Формально рамки образования к ХХ в. расширились, сегодня женщина в большинстве случаев не подвергается явной дискриминации. Однако было бы непростительной ошибкой не замечать иных способов подавления — на фоне, казалось бы, растущего уважения к феминистскому движению. Например, в 1976 г. Линда Нохлин и Анна Харрис создали большую выставку «Женщины-художники 1550— 1950 гг.», а затем издали книгу-каталог под тем же названием. Сам факт создания такой выставки и общественного внимания к ней, безусловно, следует назвать положительным явлением. Как и цели ее инициаторов: они стремились доказать, что женщины-художницы не есть некий парадокс истории искусств, не нечто исключительное и причудливое, а должны быть включены в «нормальный» художественный процесс в качестве его необходимого и полноправного компонента. Эта исходная позиция кажется почти очевидной и бесспорной. Но только, по мнению Поллок, на первый взгляд.

Линда Нохлин и Анна Харрис руководствуются той же логикой, как и большинство феминисток — они хотят доказать, что женщины «не хуже» мужчины и потому женщин следует сделать полноправными членами существующего общества и существующей культуры. Такая установка изначально порочна, полагает Поллок, ибо в систему каких ценностей хотят «встроить» женщину? Либерально мыслящие феминистки не замечают, что их цель — ассимиляция женщины в безнадежно больное общество и культуру, находящуюся в перманентном кризисе уже более столетия. Напротив, действительное освобождение женщин — не ассимиляция их при сохранении существующего положения вещей, а полное и радикальное преобразование последнего.
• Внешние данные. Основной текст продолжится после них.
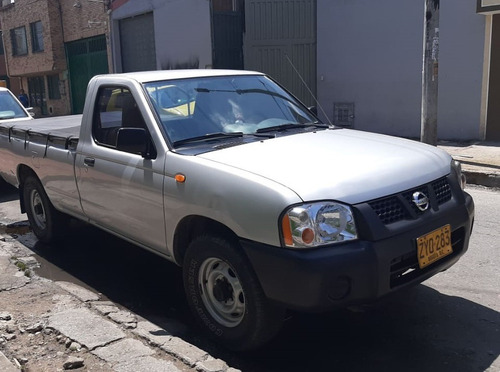 Camioneta Nissan D22/np300 Año 2015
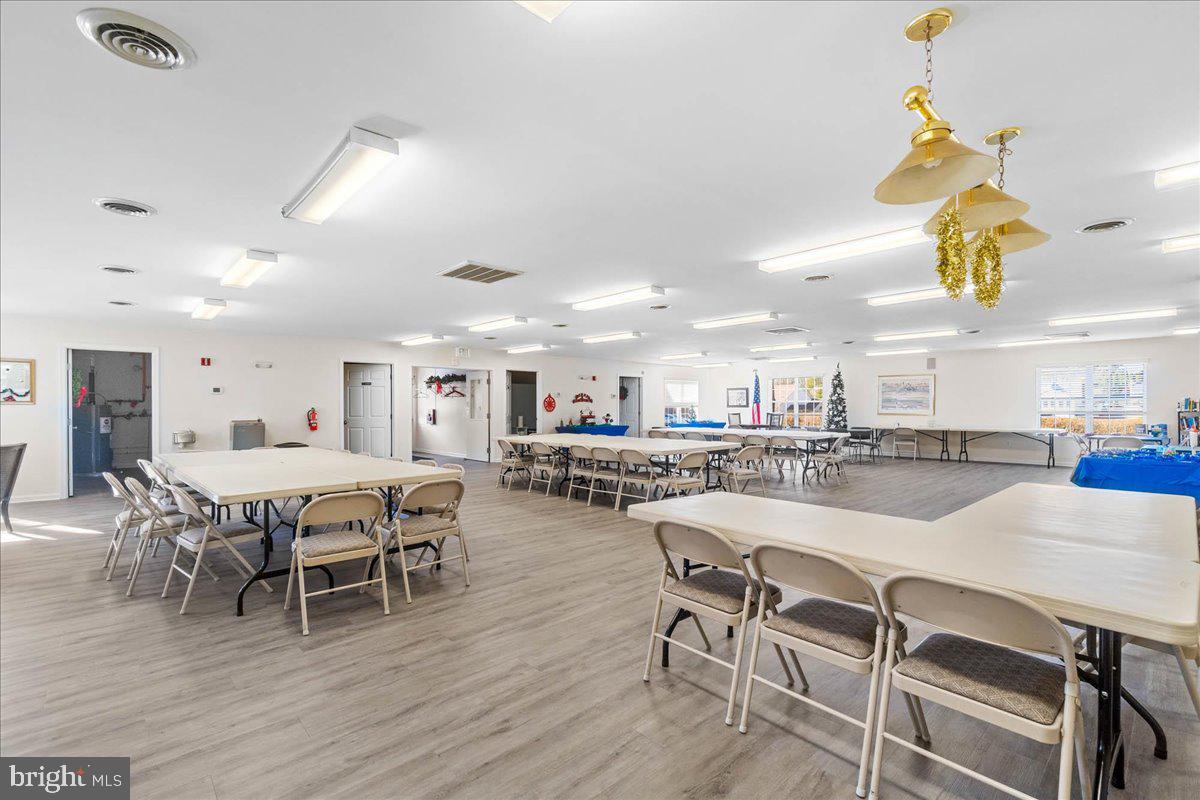 WINIFRED MANOR - Residential
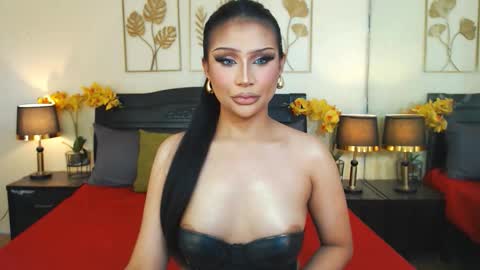 Snapshot of vera_krasovaxxx chatting on 10-25-25, 07:27 your1andonlySAVY online show from 10-25-25, 07:27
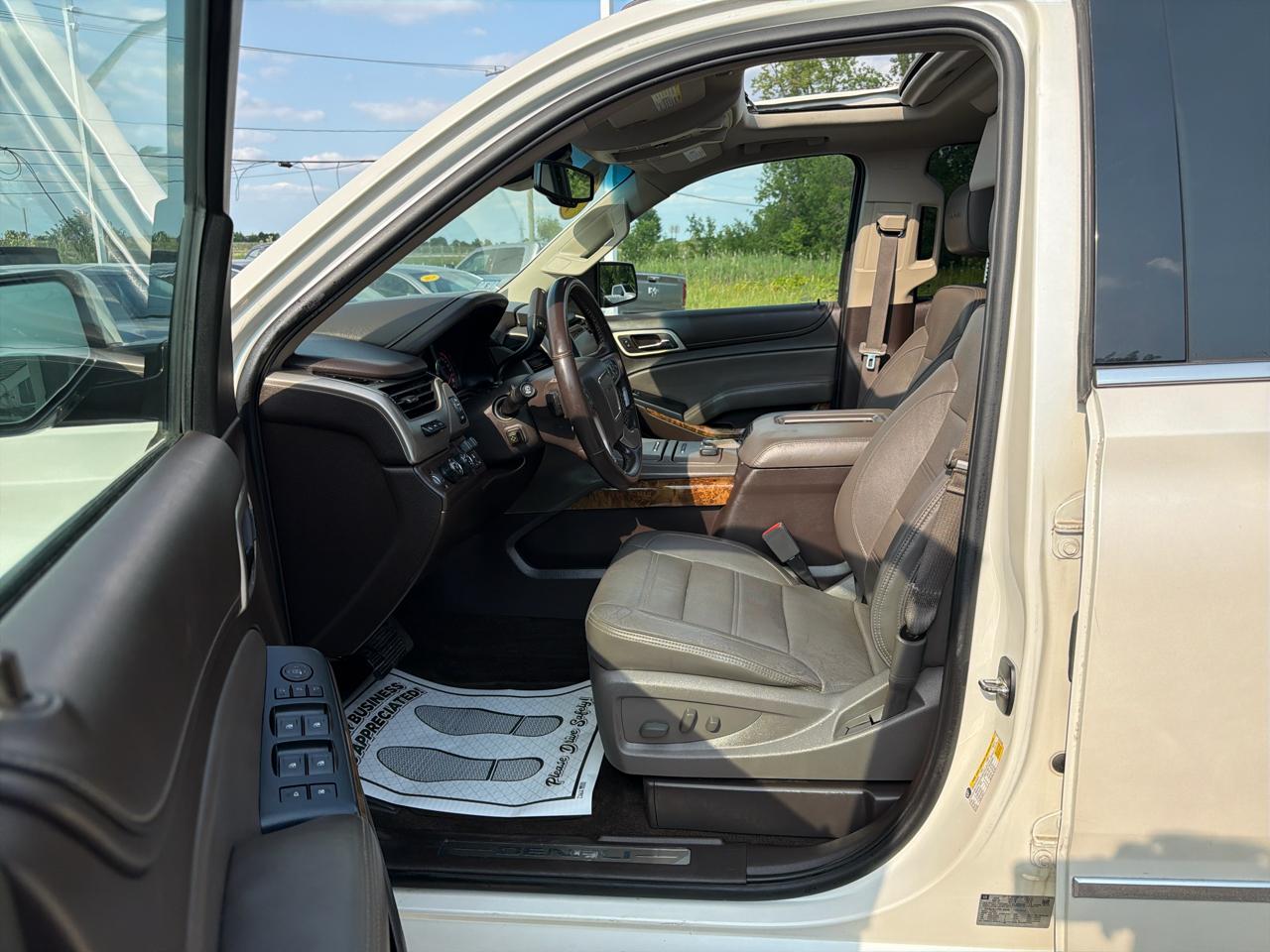 GMC Yukon XL 4WD 4dr Denali 2015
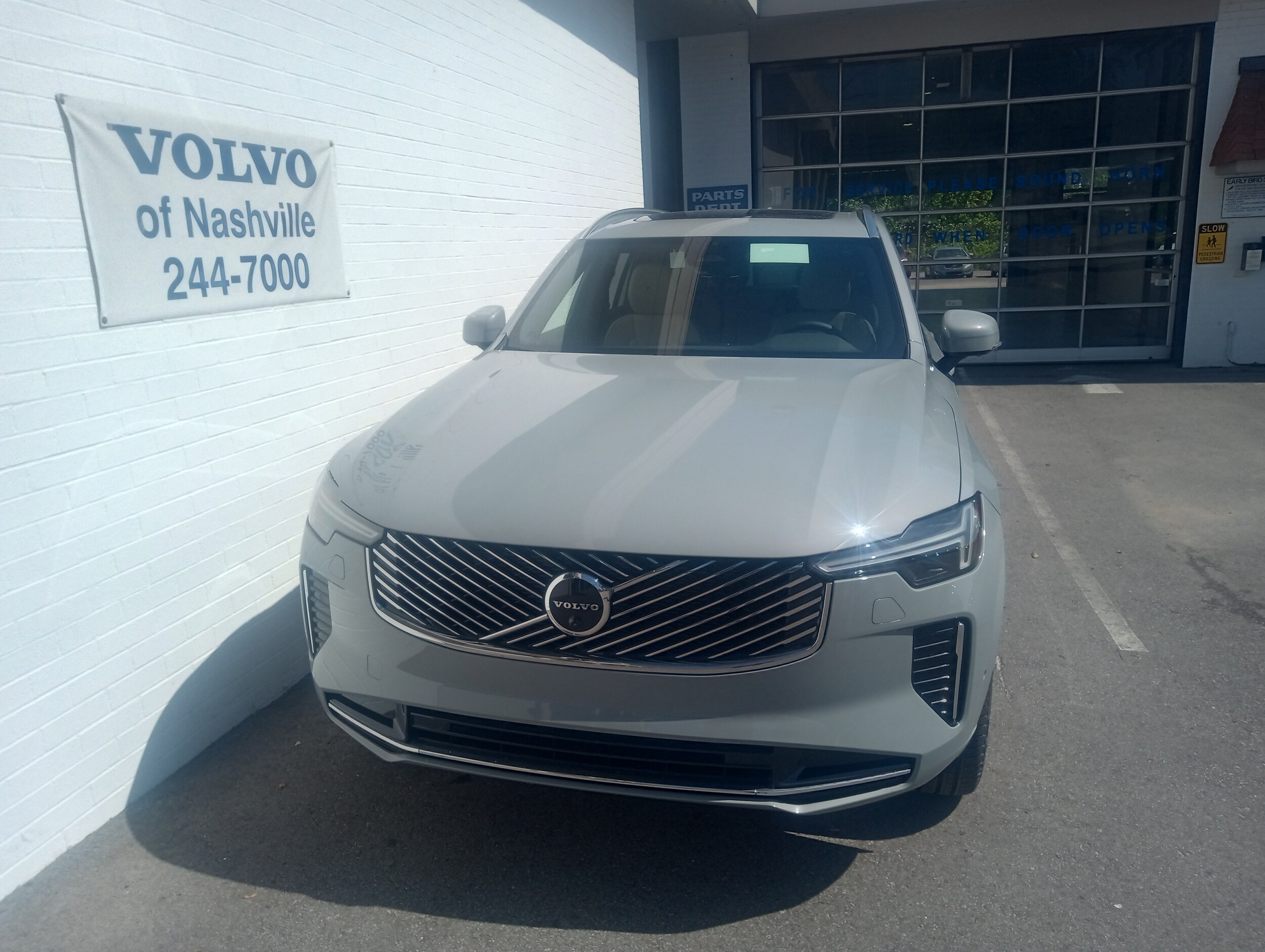 2025 Volvo XC90 B5 Plus photo 2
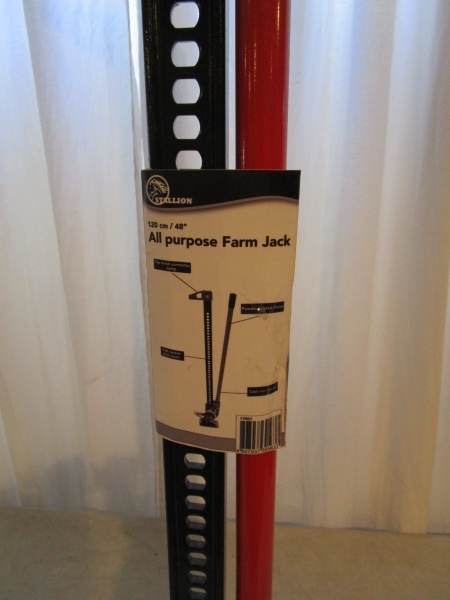 lot 111 image: All Purpose Farm Jack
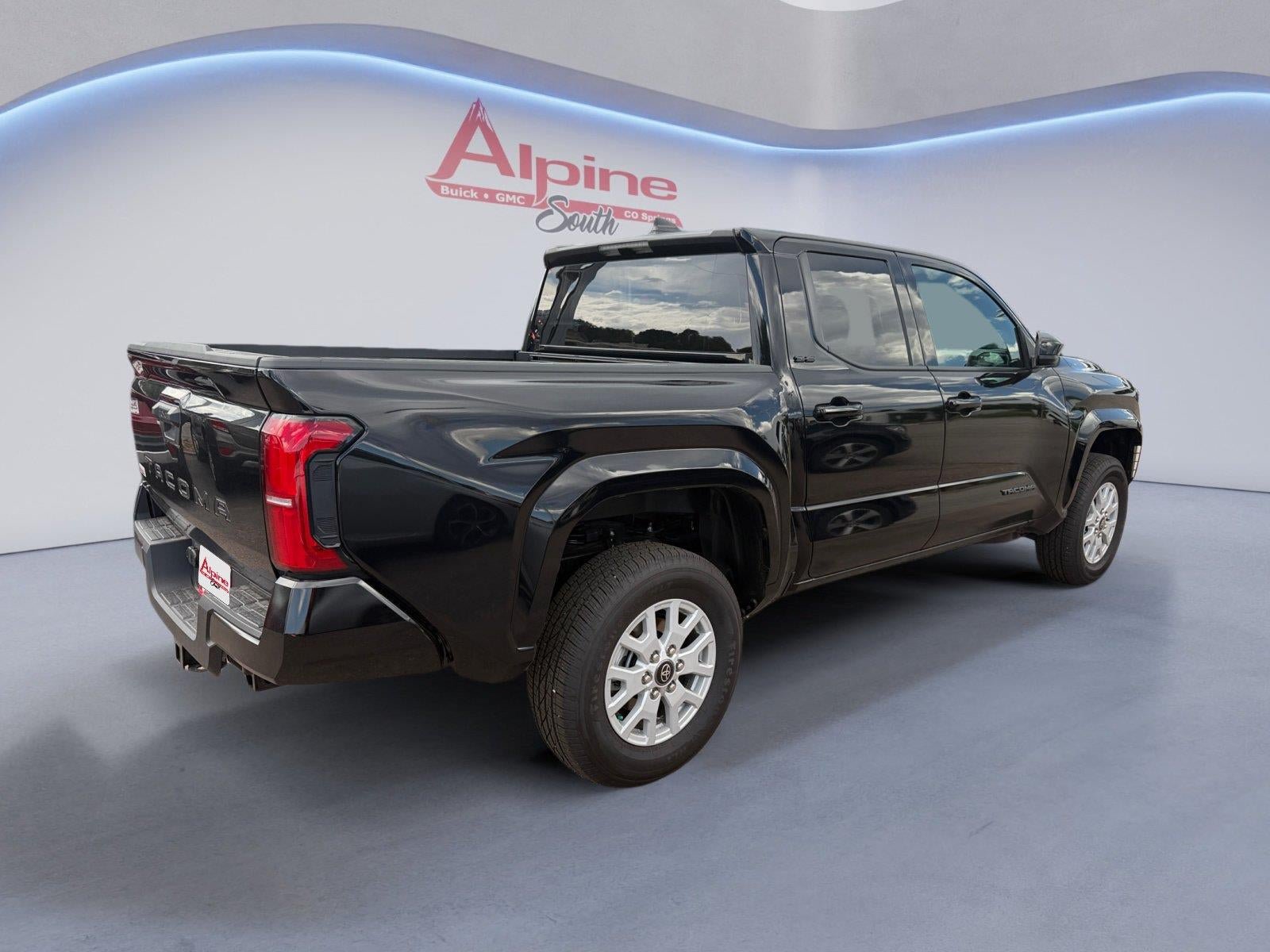 Used 2026 Toyota Tacoma SR5 AWD/4WD image 5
Руководствуясь своими благими намерениями Харрис пытается анализировать женское искусство в рамках традиционной для искусствознания формальной и иконографической методологии — той самой, что применяется при изучении «мужского» искусства. Она не подвергает даже сомнению правильность и адекватность этой методологии. Вопрос, по мнению Поллок, должен быть поставлен принципиально иначе: для того, что верно оценить женское искусство, нужно изменить всю методологию традиционного искусствознания, радикально трансформировать общепринятую концепцию искусства и его истории. Не потому, что женское искусство, мол, принципиально иное, чем «мужское» — утверждать нечто подобное было бы явной глупостью, в которую, к сожалению, впадали и впадают некоторые феминистски. Напротив, женское и мужское искусство в сущности своей едины, и потому поняты могут быть благодаря каким-то общим для всего мирового искусства критериям. Без этого исходного положения мы неизбежно придем к релятивизму и плюрализму — безусловному злу, против которого выступает Гризелда Поллок. Плюрализм и релятивизм свойственны искусству и идеологии модернистского искусства, которое Поллок подвергает нелицеприятной критике (в чем она солидаризируется с Н. Брайсоном и Д. Прециози).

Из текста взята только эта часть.